Poland A time of rising cost pressure
Retail & leisure
Currently, the retail real estate market is seeing the highest level of new supply since 2017. Poland remains the European leader in terms of newly completed retail park space, and 2026 is likely to maintain this high level, given the record-breaking space currently under construction.
Rents and operating costs under pressure
In early 2026, rent indexation due to inflation will be around 3.5-4 pct, similar to 2025. Additional increases may occur during renegotiations, particularly for flagship properties, supported by high demand and strong tenant performance.
Prime properties, including the best shopping centres, parks, and high street locations, currently have the greatest potential for rent growth. With high occupancy levels and a well-balanced tenant mix, real rent increases during renegotiations are possible, reaching up to several euros per square meter. In properties with a weaker market position, the negotiation terms still rest with the tenants.
Agnieszka Bobela-Musiał, head of asset services retail at Cushman & Wakefield
At the same time, landlords must prepare for further increases in service charges, which are also forecast at around 4 pct. This is due to factors beyond the control of landlords and managers, such as an increase in the minimum wage, higher local taxes, and the effects of the withdrawal of government mechanisms supporting energy prices.

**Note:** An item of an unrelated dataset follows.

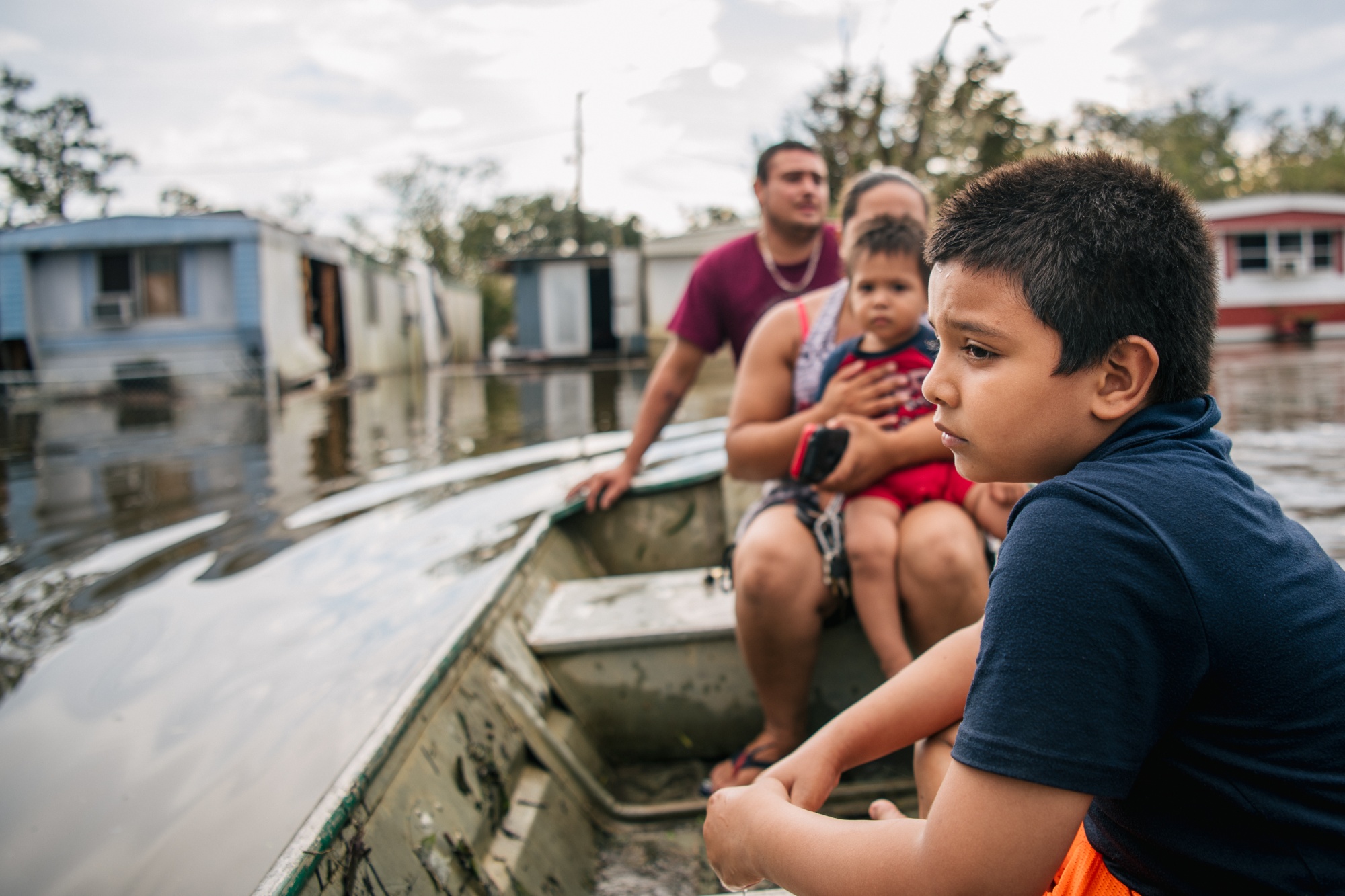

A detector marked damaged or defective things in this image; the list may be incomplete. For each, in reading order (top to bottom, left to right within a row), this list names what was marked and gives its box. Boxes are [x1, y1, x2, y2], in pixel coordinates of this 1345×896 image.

damaged mobile home [0, 214, 482, 395]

The most important operational challenge will be maintaining cost efficiency without compromising service quality, which necessitates the use of technology. Investments in AI, HVAC systems, and cleaning robots are no longer optional, but are becoming the foundation of a property's competitiveness. Every CAPEX expense is now meticulously analysed from a business perspective – the key is a measurable impact on the building's value and return on investment, ideally within 12 months.
Agnieszka Bobela-Musiał.
Tenant Strategies: Optimisation Instead of Aggressive Expansion
In 2026, the market will witness further optimisation of retail chains and a redefinition of formats. Some brands, especially those in the fashion sector, plan to expand existing premises at the expense of opening new stores. Meanwhile, electronics chains and large supermarkets are announcing reductions in space, a response to customer migration to online channels and cost pressures.
Tenant optimisation-related moves demonstrate a maturing market. Retail operators increasingly understand that success is not about the number of locations, but the quality of displays, conversion, and customer fit. This year will also be marked by the development of services and discount stores, while leading brands in the fashion, health, and beauty categories continue to strengthen their positions.
Michał Masztakowski, head of retail agency.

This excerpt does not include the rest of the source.